I’m not training for a triathlon. At least I don’t think I am.
Sometimes people ask me if I’m training for an event like a triathlon because my training routine at our local rec center is pretty intense and I can train for unusually long periods of time. Employees may notice that some days I’m at the gym before dawn, come home for breakfast, and soon return for a few hours of lap swimming. I also watch a lot of YouTube videos with swimming and running training tips.
Why am I doing this if I’m not training for an event or trying to lose weight you may be wondering? I actually enjoy doing it.
I like to listen to books and podcasts while at the gym. I love the chirping of the birds and the lapping of the water in the pool, the view of the palm trees and the mountains in the distance. I love the lack of senses underwater. I like seeing other regular exercisers whose names I know, but I really like having my space to myself. During the pandemic, when the facilities are closed, I enjoyed running up and down a nearby steep hill, prompting curious neighbors to ask if I was training for an event like a triathlon.

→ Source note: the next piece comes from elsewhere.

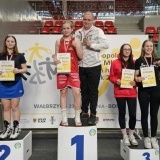 Antonina Mikołajczak na drugim stopniu podium
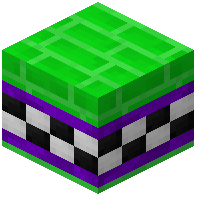 Lime Facade Bricks Tiled Magenta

A triathlon is a competition involving swimming, cycling and running. They vary in length; a beginner’s event might equate to a 30-lap (about half-mile) swim, a 13-mile bike ride, and a 3-mile run. The grueling Ironman race includes a 2.4-mile swim (equivalent to about 168 laps) in open water, a 112-mile bike ride, and a full marathon (26.2 miles).
I’m sure I could finish the starter version, but I’m not interested in doing so. (That’s where sociology comes in.)

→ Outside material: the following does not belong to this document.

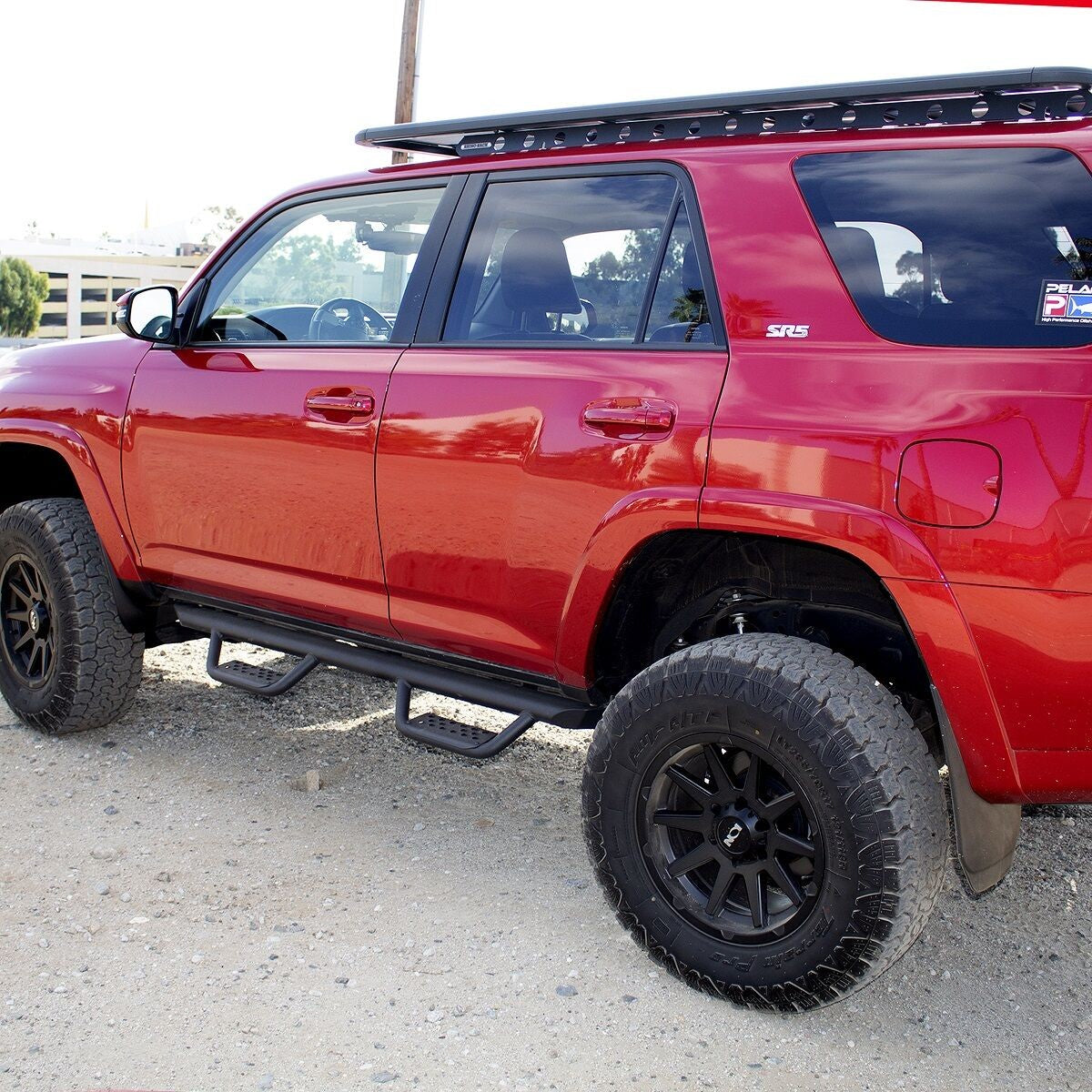 Domintator Extreme D2 Side Steps With Mounting Brackets Textured Black 2014-2024 Toyota 4Runner Go Rhino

Exercise, fitness, and sports are great examples of Charles Horton Cooley’s concept of “seeming myself.” This idea suggests that our sense of self comes in part from what we imagine others think of us. Our bodies are highly social: we receive feedback whether we ask for it or not, and we can anticipate the reactions of others, which in turn shapes how we feel. Although Cooley’s gaze is not direct, he is in this situation.
Sports are often constructed as performances in which we are clearly judged by others: how fast we are, how many points we score, how we look in sports, all with the express purpose of comparing ourselves and being compared to others. My passion for exercise is mostly outside of this experience.
I remember my experience at the gym, which, like many people, was characterized by feeling judged and judged by others. Exhibit A: The warped experience of kids picking teams, choosing first those who are considered the best athletes and hoping to avoid the embarrassment of being picked last. (Seriously, why did the gym teachers think this was a good idea? And why are they still doing it?)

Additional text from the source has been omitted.